SEBI Notifies Modification In Cyber Security, Cyber Resilience Framework Of Stock Exchanges, Clearing Corporations & Depositories

The revised framework mandates that Market Infrastructure Institutions (MIIs) must carry out comprehensive cyber audits at least twice during a financial year. Alongside the audit reports, MIIs are required to submit a certification from their MD/CEO affirming several key points.

These include the implementation of robust measures and processes to identify, detect, and close vulnerabilities in their IT systems. Additionally, MIIs are directed to have adequate resources in place for staffing their Security Operations Centers (SOCs). The certification also ensures that the MII is in compliance with all SEBI circulars and advisories pertaining to cybersecurity.

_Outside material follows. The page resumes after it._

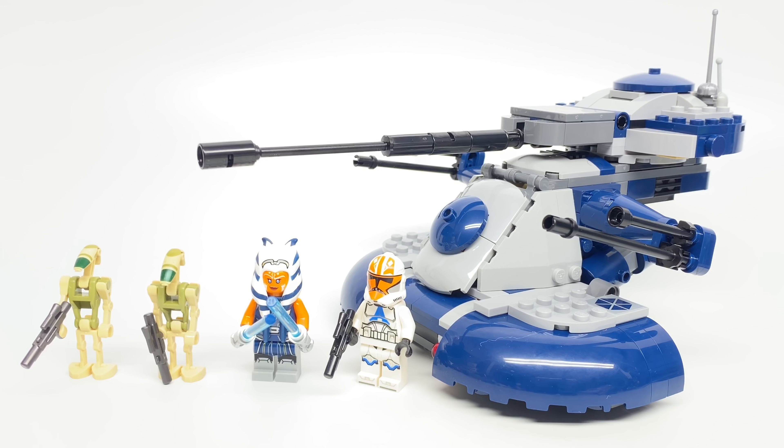Hello, Just2Good here. Today I'm taking a look at the LEGO Star Wars The Clone Wars AAT set. This has four minifigures, 286 pieces, and retails for $40 in the United States, where it releases September 1st. Let's take a look at those minifigures.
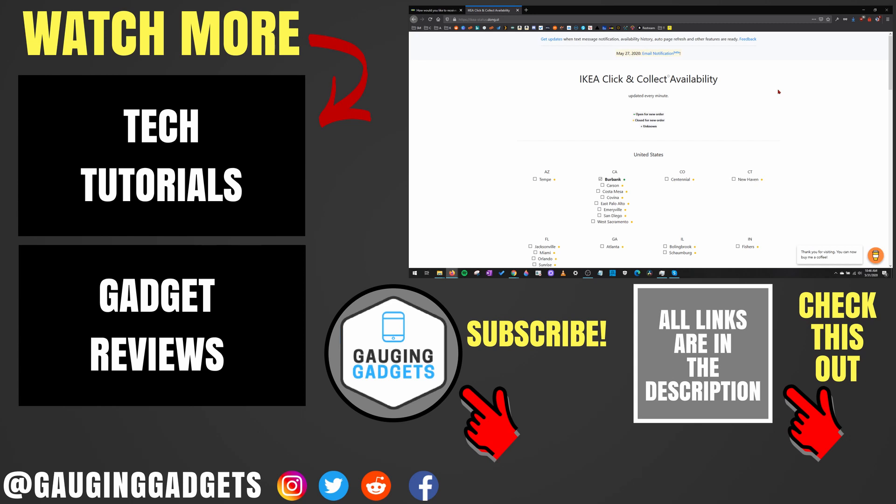So that was a quick tool for actually getting successful orders in Ikea click and collect. If you have any questions about this, leave a comment below and I'll get back to you as soon as I can. If you'd like to see more tutorials, check the links in the description. If this video helped you, give it a thumbs up and please consider subscribing to my channel, Gauging Gadgets, for more gadget reviews and tech tutorials. Thank you so much for watching.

Furthermore, MIIs whose systems have been categorized as Critical Information Infrastructure (CII) by the National Critical Information Infrastructure Protection Centre (NCIIPC) are obligated to provide regular updates and closure status of vulnerabilities found in their "protected systems" to NCIIPC.

The circular mandates MIIs to initiate the necessary measures to incorporate the changes within their systems. This involves making any required amendments to relevant bylaws, rules, and regulations. MIIs are also directed to communicate the status of the implementation of these provisions to SEBI within 30 days from the date of the circular.

The revised provisions, as detailed in the circular, come into effect immediately. The authority to issue this circular is derived from the powers conferred under Section 11(1) of the Securities and Exchange Board of India Act, 1992. This is in conjunction with Regulation 51 of the Securities Contracts (Regulation) (Stock Exchanges and Clearing Corporations) Regulations, 2018, as well as Section 19 of the Depositories Act, 1996, and Regulation 97 of the Securities and Exchange Board of India (Depositories and Participants) Regulations, 2018.